Granny Smith and the Wedge


One of the most beloved American dessert traditions is warm apple pie with a big wedge of sharp Cheddar. There are restaurants that even bake a slice of cheese onto the crust, so you’re guaranteed your serving of cheese with your pie.

Europeans are often astonished by the whole idea of cheese with pie. It seems to them that we’ve fused the dessert course with the cheese course, two separate parts of the meal in Europe.

How did we start doing this? The history is a little obscure.

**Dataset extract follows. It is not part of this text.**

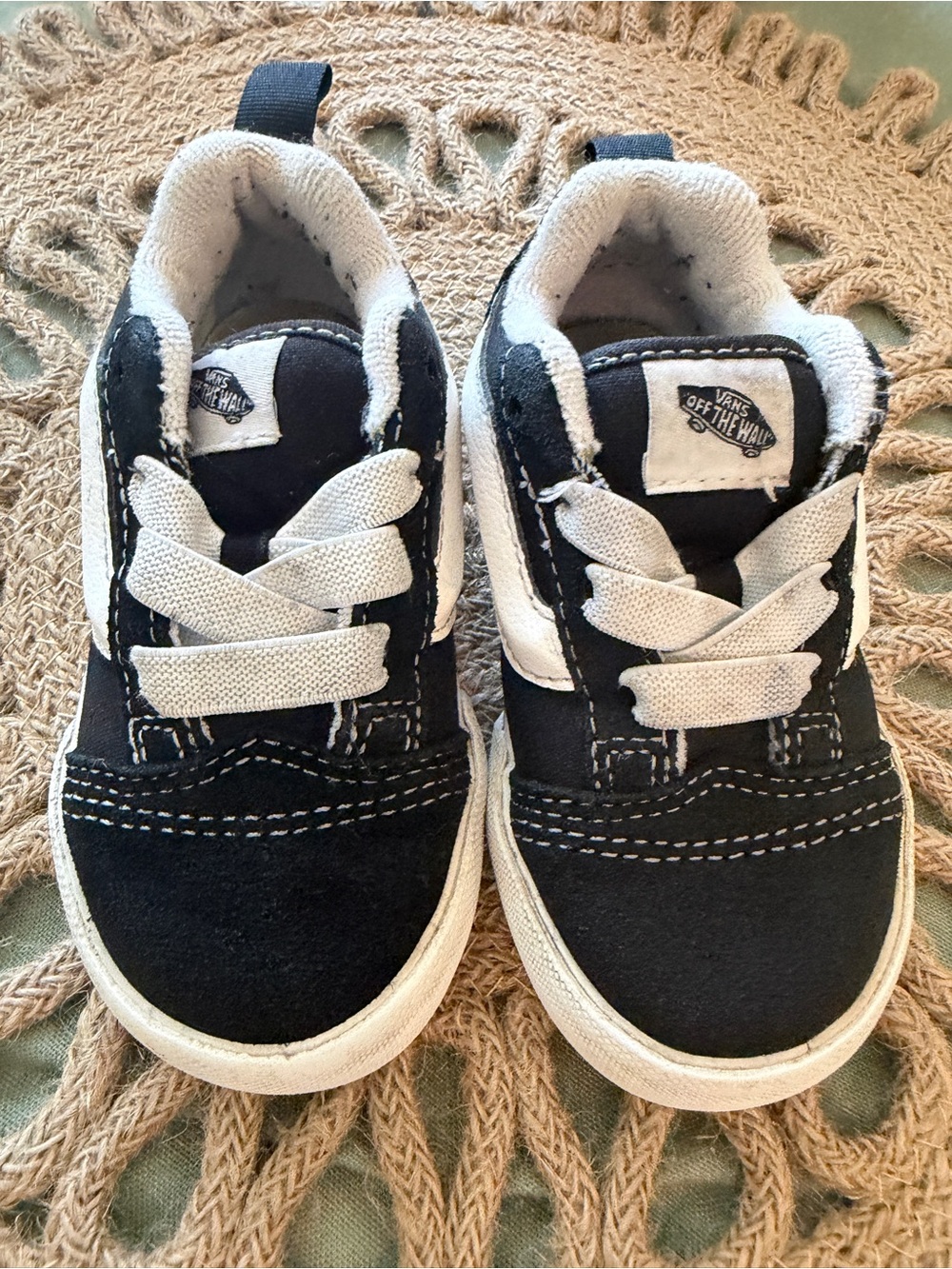 Vans Kids Black and White Low-Top Sneakers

The practice is rarely mentioned in cookbooks until about 1950.


The major 19th century American cookbooks certainly don’t mention it, though memoirs of life in the upper Midwest indicate that cheese was already a regular accompaniment to warm apple pie there before the turn of the century. The upper Midwest is major dairy country, of course, and it’s still where the custom is liveliest.

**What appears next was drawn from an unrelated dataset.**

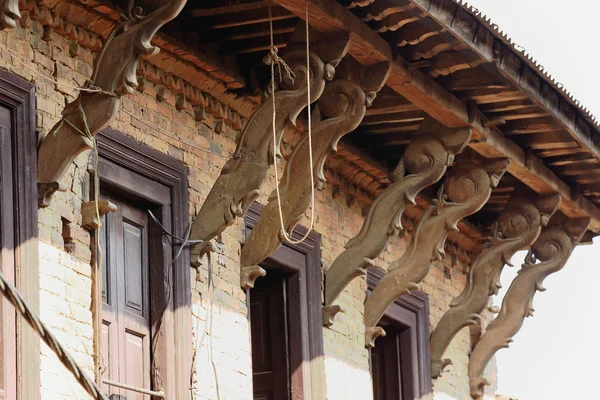 Wooden roof struts. Dhulikhel-Nepal. 1037 — Stock Photo, Image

Conceivably it grew out of the 17th and 18th century English custom of serving pie with a sauce, often dairy-based. This was usually custard sauce (creme anglaise, as we now call it) or hard sauce, but as early as 1828, an American cookbook, Eliza Leslie’s “Directions for Cookery,” was suggesting plain cream. Fannie Farmer and other late 19th century New England cookbook authors regularly suggested cream, whipped cream or ice cream.

How did we get from there to cheese? It may be significant that we rarely, if ever, serve cheese with any pie but apple. Cheese and raw apples are often served together as the end of an informal meal in England and the apples might have been replaced by pie in pie-mad 19th century America.